Copenhagen revives ethnic youth council

City Council sets aside 300,000 kroner to fund a new organisation to represent young ethnic minorities and promote integration

A new organisation will replace an ethnic youth council that was disbanded after the government cut its funding earlier this year.

The City Council has set aside 300,000 kroner to fund a new organisation that, in 2014, will take over the integration role performed by the now-defunct Dansk Ungdoms Fællesråd.

The organisation fell out of favour after it last year invited Islamic religious expert Muhammad Tahir-ul-Qadri to speak about his fatwa, or religious ruling, against terrorism.

But ul-Qadri is also implicated in the writing of Pakistan’s strict blasphemy laws that have been used to persecute religious minorities in the country.

The social affairs minister, Karen Hækkerup (Socialdemokraterne), pulled out of the conference after learning that ul-Qadri was also participating and earlier this year the anti-immigration Dansk Folkeparti successfully lobbied her to cut the organisation's one million kroner of funding.

Copenhagen’s deputy mayor for immigration, Anna Mee Allersev (Radikale), said the decision to eliminiate the funding bordered on censorship on the part of the government.

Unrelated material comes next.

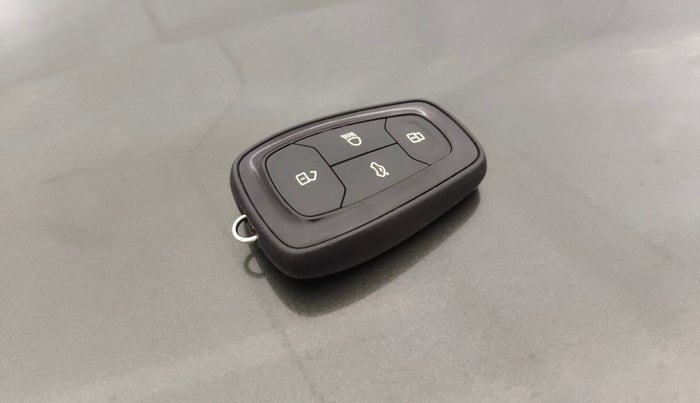 2021 Tata NEXON XZ PLUS PETROL SUNROOF, Petrol, Manual, 31,858 km, Key Close Up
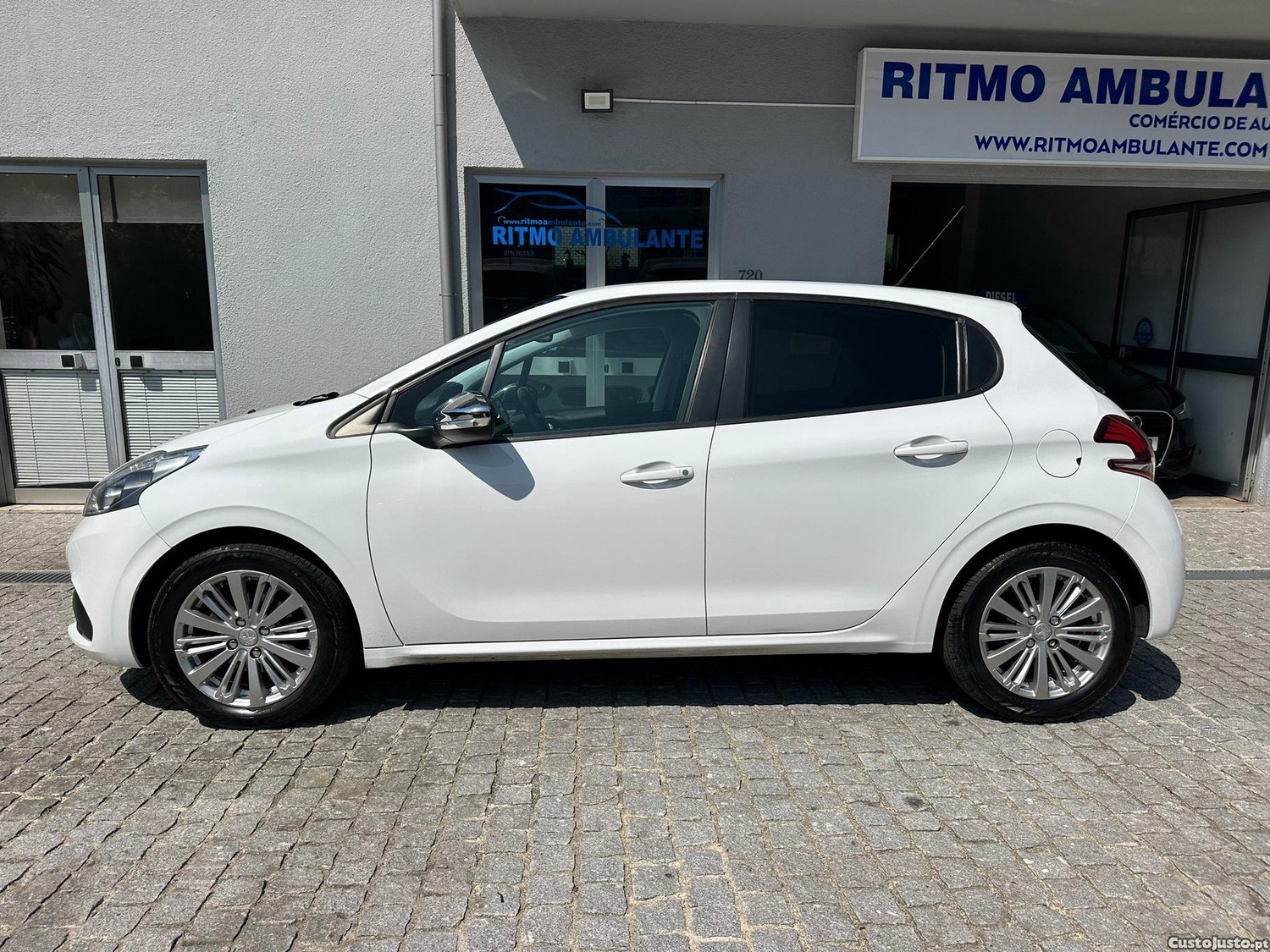 Peugeot 208 1.6 BlueHDi Style — fotografia 12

“What happened to Dansk Ungdoms Fællesråd was deeply damaging and it was incredibly disappointing that Karen Hækkerup agreed to close an organisation that actually contributed to including ethnic minorities into the democratic process,” Allerslev told Jyllands-Posten. “I hope we can save some of the work that Dansk Ungdoms Fællesråd had started before it was closed.”

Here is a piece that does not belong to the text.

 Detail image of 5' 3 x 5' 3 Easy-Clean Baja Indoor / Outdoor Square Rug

Allerslev ruled out having any influence over who the new organisation invited to speak at events, while Dansk Folkeparti still argued it was appropriate to pull the plug on Dansk Ungdoms Fælledråd because of its choice of speakers.

“We sent a sensible signal that when working to get young ethnic minorities integrated into the democratic process they need to think carefully about who they invite,” Dansk Folkeparti integration spokesperson Martin Henriksen said, adding that the city was “loony” for offering to fund the organisation.

The need for initiatives to improve integration was highlighted by new research that showed that immigrants and the children of immigrants are much less likely to vote than the general population.